Alison Klein, Manager Private Equity, FMO commented on Africa’s just transition and suggested that “Climate intention does not mean we can’t finance expansion in job creating sectors. It is important we develop a holistic view and utilise synergies that improve resource efficiency and economic output such as manufacturing, for example.”
These perspectives were followed by a session where next-generation founders, entrepreneurs, impact investors, and philanthropic players advancing sustainable growth across the continent discussed challenges and practical solutions for investing and innovating for social change.
Panellists on the Sustainability In Practice panel included Frank Aswani, Chief Executive Officer, African Venture Philanthropy Alliance.

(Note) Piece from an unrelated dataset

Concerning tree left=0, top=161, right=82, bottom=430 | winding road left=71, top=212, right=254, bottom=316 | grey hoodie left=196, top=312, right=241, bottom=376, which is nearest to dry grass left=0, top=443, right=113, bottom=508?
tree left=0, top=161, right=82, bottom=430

He raised the importance of mobilising local pools of capital through innovation with financial instruments to support high-potential markets in Africa at a time of global uncertainty and instability.
During the panel Digitalisation: The Last Mile in Unlocking Sustainable Development, Shruti Chandrasekhar, Regional Lead, Africa, Disruptive Technologies & Funds, International Finance Corporation discussed the prospects of an emerging circular economy on the continent, and advised that a “unique aspect of Africa means that we’re not only fixing something that already exists but building something new and recognising that the most productive way to do that is to integrate sustainability into solutions”.
At the Financing Africa’s Climate Transition: Mitigation & Adaptation panel, Tariye Gbadegbesin, Managing Director & Chief Executive Officer, ARM Harith, drew the delegates’ attention to the need to define an adaptation framework and the feasibility of a co-benefits approach that yields outcomes in both climate change mitigation and adaptation.
The panel also explored how international investment can be applied to co-investments that encourage domestic capital and support the entry of institutional investors, including pension funds, now increasingly moving into Africa’s impact space.
The Making Impact Meaningful panel assembled high-level voices from DEG, Meridiam, UN PRI, and WHO Foundation to debate how the industry can overcome greenwashing to establish detailed and context-specific metrics for sustainable investing that unify diverse approaches to how stakeholders in the private capital industry can monitor and measure social and environmental impact.
The closing session saw industry figures such as Adam Hadidi, Founder & Managing Director, BluePeak Private Capital, reflect on how collective efforts such as GP-LP structures, green bonds, and digital and crowdfunding platforms can be deployed to maximise sustainable investing.
Opuiyo Oforiokuma, Senior Partner, Africa50, concluded: “Africa cannot ignore climate change simply because we are only responsible for 4% of global emissions. Asset recycling in green assets can be used as a mechanism to bring in more capital in green infrastructure”.